Multiemployer pension plan sponsors would have a new hybrid option combining defined benefit and defined contribution features under bipartisan legislation introduced late Tuesday in the House of Representatives.
Reps. Phil Roe, R-Tenn., and Donald Norcross, D-N.J., introduced H.R. 4997, the Give Retirement Options to Workers (GROW) Act, that would allow sponsors to create the composite plans. The idea is part of an effort in Congress to address struggling multiemployer plans, including proposals to create a federal loan program.
The legislation is based on a proposal developed with the National Coordinating Committee for Multiemployer Plans.
Participants in existing multiemployer pension funds could join the new plans as part of their usual collective bargaining process, which would also require them to contribute to legacy plans that would be closed to further accruals.
Fund assets would be professionally managed, and the composite component of plans would have to be 120% funded to protect against market volatility.
Employers would negotiate a fixed contribution amount and be responsible only for their share, as opposed to unfunded liabilities that many multiemployer plans face.
The bill's sponsors say it will enable multiemployer pension funds to maintain fiscal solvency while protecting participant benefits earned under a traditional multiemployer plan after they are shifted into the new composite plans.
Mr. Roe said in a statement that "the multiemployer pension system as currently structured is irreparably broken," and the composite plan idea should be part of other reforms. The composite plan idea has bipartisan backing in the House and is "widely supported by retirement security advocates," he said.
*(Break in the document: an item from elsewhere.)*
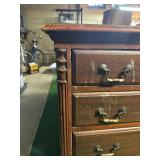 1940’s Mahogany Dresser
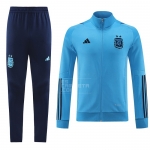 Chandal de Chaqueta del Argentina 2022-23 Azul Chandal de Chaqueta del Argentina 2022-23 Azul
Mr. Norcross, a former multiemployer plan participant and negotiator, said in the same statement that "workers deserve a safe, secure retirement and, at the same time, employers deserve predictability and flexibility without excess liability."
NCCMP Executive Director Michael Scott said the legislation comes at a time when the stakes "could not be higher." He notes that the multiemployer pension system contributes $158 billion in federal taxes and more than $1 trillion to U.S. GDP, but faces uncertainty and instability.